Mr. Jasper was seated at the piano as they came into his drawing-room, and was accompanying Miss Rosebud while she sang. It was a consequence of his playing the accompaniment without notes, and of her being a heedless little creature, very apt to go wrong, that he followed her lips most attentively, with his eyes as well as hands; carefully and softly hinting the key-note from time to time. Standing with an arm drawn round her, but with a face far more intent on Mr. Jasper than on her singing, stood Helena, between whom and her brother an instantaneous recognition passed, in which Mr. Crisparkle saw, or thought he saw, the understanding
that had been spoken of, flash out. Mr. Neville then took his admiring station, leaning against the piano, opposite the singer; Mr. Crisparkle sat down by the china shepherdess; Edwin Drood gallantly furled and unfurled Miss Twinkleton's fan; and that lady passively claimed that sort of exhibitor's proprietorship in the accomplishment on view, which Mr. Tope, the Verger, daily claimed in the Cathedral service.
The song went on. It was a sorrowful strain of parting, and the fresh young voice was very plaintive and tender. As Jasper watched the pretty lips, and ever and again hinted the one note, as though it were a low whisper from himself, the voice became less steady, until all at once the singer broke into a burst of tears, and shrieked out, with her hands over her eyes: 'I can't bear this! I am frightened! Take me away!'
With one swift turn of her lithe figures Helena laid the little beauty on a sofa, as if she had never caught her up. Then, on one knee beside her, and with one hand upon her rosy mouth, while with the other she appealed to all the rest, Helena said to them: 'It's nothing; it's all over; don't speak to her for one minute, and she is well!'
Jasper's hands had, in the same instant, lifted themselves from the keys, and were now poised above them, as though he waited to resume. In that attitude he yet sat quiet: not even looking round, when all the rest had changed their places and were reassuring one another.
'Pussy's not used to an audience; that's the fact,' said Edwin Drood. 'She got nervous, and couldn't hold out. Besides, Jack, you are
such a conscientious master, and require so much, that I believe you make her afraid of you. No wonder.'
'No wonder,' repeated Helena.
'There, Jack, you hear! You would be afraid of him, under similar circumstances, wouldn't you, Miss Landless?'
'Not under any circumstances,' returned Helena.
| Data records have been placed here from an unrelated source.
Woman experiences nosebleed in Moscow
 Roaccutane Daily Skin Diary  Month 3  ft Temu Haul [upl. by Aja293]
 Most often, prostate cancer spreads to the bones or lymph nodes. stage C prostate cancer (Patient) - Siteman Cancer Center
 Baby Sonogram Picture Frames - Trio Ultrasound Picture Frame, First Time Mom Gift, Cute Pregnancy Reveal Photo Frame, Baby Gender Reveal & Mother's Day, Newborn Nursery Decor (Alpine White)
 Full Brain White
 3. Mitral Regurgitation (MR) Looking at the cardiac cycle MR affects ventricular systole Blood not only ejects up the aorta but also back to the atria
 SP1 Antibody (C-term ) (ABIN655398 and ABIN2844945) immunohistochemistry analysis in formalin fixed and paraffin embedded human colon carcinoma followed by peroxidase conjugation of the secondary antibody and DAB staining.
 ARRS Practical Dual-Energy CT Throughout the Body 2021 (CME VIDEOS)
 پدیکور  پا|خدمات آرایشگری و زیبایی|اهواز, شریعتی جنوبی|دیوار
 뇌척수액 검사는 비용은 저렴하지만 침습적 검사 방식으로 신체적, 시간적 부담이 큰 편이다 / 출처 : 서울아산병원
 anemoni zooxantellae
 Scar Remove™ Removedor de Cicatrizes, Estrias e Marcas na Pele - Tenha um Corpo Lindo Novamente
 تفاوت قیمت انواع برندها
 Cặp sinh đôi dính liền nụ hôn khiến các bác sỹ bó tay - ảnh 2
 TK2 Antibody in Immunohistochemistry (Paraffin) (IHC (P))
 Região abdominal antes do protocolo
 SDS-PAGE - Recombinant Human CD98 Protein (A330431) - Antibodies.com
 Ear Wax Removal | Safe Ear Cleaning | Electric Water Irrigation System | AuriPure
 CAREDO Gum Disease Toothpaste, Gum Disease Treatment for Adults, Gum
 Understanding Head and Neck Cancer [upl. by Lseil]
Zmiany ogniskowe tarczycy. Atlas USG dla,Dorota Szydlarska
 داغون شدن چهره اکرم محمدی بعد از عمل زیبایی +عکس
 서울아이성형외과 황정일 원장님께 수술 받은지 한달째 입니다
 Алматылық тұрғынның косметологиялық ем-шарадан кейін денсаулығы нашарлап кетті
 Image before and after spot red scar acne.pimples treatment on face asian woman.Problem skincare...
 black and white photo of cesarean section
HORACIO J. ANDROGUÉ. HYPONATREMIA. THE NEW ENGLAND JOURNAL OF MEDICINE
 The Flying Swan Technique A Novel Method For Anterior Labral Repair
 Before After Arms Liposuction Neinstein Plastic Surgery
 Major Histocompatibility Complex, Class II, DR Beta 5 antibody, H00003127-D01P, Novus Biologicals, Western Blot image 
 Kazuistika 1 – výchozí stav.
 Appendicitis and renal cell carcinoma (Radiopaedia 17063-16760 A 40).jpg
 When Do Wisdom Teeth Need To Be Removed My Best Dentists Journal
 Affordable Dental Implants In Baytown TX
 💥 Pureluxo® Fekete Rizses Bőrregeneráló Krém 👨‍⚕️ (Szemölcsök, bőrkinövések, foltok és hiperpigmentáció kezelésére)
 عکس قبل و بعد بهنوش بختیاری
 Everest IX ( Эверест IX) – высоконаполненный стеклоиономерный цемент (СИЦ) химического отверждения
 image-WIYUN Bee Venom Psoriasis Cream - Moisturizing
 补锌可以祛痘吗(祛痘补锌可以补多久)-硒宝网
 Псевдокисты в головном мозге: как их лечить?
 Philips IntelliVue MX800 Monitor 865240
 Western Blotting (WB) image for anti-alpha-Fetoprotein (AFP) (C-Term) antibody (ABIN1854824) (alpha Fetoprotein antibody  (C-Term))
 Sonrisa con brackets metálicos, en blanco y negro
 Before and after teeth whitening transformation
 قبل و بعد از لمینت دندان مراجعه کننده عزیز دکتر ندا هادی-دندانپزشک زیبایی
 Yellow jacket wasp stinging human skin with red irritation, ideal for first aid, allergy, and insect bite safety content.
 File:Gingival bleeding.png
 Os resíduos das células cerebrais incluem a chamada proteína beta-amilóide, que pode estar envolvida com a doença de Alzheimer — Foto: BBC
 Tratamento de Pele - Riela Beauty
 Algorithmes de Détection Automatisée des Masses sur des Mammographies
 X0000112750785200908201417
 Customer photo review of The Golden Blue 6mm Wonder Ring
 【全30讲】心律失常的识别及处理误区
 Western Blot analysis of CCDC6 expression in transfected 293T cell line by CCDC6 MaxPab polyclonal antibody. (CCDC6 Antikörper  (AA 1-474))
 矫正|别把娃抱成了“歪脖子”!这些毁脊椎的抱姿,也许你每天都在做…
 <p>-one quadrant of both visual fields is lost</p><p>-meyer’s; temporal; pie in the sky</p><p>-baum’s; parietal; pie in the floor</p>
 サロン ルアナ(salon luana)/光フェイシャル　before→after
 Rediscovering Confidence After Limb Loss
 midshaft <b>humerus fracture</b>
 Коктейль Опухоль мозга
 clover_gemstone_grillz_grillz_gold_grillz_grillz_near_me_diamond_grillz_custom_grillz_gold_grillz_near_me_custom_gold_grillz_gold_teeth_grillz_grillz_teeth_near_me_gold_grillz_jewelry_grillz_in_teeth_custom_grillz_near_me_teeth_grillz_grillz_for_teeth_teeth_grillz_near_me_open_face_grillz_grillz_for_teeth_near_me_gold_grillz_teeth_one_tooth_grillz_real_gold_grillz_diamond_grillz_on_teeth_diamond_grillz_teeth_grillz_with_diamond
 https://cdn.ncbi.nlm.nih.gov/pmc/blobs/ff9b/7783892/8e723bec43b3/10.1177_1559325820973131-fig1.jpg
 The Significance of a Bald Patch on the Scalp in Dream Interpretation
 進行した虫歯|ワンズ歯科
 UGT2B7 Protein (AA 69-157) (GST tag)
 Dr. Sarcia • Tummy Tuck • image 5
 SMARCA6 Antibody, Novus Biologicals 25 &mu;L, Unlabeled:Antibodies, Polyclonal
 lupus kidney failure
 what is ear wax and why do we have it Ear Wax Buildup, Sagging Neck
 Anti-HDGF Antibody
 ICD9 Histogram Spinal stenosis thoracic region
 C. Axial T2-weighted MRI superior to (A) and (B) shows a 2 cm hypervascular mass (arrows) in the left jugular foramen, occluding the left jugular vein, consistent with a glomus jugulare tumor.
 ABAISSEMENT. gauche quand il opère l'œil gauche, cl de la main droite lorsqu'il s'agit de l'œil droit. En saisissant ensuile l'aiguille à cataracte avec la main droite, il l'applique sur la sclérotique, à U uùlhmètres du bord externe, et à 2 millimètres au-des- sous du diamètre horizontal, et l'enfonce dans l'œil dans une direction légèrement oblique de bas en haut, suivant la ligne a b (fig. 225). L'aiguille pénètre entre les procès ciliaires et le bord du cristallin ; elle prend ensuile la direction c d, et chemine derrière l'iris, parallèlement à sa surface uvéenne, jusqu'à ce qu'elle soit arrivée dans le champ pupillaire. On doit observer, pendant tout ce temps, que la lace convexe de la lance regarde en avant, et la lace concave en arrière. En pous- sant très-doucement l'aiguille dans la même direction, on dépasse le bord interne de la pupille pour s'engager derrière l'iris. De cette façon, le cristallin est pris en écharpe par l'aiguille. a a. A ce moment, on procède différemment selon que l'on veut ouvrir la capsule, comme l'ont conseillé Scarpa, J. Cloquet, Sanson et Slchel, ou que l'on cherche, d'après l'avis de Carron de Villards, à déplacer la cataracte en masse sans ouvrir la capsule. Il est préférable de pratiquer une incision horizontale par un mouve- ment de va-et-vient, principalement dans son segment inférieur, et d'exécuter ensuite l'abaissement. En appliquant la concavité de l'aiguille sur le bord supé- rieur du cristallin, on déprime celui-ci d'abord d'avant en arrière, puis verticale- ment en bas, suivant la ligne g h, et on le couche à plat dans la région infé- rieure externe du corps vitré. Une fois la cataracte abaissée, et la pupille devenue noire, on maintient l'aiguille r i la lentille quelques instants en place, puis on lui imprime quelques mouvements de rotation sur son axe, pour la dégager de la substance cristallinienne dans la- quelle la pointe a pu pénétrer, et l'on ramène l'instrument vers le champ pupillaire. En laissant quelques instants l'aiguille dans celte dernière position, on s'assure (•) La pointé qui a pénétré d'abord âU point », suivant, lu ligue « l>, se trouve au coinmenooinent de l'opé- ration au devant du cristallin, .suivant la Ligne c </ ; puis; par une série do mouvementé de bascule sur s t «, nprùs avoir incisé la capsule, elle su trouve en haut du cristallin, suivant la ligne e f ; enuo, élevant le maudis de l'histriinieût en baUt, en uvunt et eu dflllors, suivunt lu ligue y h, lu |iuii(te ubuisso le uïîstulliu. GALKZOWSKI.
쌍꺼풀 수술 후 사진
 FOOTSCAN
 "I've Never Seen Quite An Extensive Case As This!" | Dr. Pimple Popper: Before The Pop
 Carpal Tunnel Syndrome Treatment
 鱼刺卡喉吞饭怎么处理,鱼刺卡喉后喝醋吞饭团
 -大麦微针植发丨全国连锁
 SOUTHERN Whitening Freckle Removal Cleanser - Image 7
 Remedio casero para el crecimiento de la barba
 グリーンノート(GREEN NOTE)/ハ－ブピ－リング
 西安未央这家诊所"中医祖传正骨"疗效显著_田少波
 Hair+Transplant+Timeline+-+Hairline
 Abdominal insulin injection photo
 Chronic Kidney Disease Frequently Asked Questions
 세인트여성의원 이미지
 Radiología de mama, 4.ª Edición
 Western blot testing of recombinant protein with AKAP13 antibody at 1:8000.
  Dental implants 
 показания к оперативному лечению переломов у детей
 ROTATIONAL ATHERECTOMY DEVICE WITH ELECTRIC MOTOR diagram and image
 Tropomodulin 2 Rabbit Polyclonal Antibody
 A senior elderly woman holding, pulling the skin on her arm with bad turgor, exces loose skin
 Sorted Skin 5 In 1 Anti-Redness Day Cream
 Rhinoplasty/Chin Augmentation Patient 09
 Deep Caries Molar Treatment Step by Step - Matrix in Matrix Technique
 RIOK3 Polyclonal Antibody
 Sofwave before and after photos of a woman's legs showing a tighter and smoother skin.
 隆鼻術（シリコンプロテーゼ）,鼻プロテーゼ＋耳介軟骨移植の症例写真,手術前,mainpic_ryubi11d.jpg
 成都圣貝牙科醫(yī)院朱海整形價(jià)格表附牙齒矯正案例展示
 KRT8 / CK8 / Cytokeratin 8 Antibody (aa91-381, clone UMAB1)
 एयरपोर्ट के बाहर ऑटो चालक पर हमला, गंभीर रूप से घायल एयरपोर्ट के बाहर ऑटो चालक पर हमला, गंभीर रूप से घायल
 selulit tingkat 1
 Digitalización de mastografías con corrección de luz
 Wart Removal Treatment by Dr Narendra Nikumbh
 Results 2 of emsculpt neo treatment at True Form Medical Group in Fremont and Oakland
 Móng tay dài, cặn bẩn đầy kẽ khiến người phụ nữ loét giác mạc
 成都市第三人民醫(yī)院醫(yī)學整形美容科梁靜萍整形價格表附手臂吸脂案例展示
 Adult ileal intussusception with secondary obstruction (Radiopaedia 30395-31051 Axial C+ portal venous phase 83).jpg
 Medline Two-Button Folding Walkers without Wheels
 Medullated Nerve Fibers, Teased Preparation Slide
Jasper brought down his hands, looked over his shoulder, and begged to thank Miss Landless for her vindication of his character. Then he fell to dumbly playing, without striking the notes, while his little pupil was taken to an open window for air, and was otherwise petted and restored. When she was brought back, his place was empty. 'Jack's gone, Pussy,' Edwin told her. 'I am more than half afraid he didn't like to be charged with being the Monster who had frightened you.' But she answered never a word, and shivered, as if they had made her a little too cold.
Miss Twinkleton now opining that indeed these were late hours, Mrs. Crisparkle, for finding ourselves outside the walls of the Nuns' House, and that we who undertook the formation of the future wives and mothers of England (the last words in a lower voice, as requiring to be communicated in confidence) were really bound (voice coming up again) to set a better example than one of rakish habits, wrappers were put in requisition, and the two young cavaliers volunteered to see the ladies home. It was soon done, and the gate of the Nuns' House closed upon them.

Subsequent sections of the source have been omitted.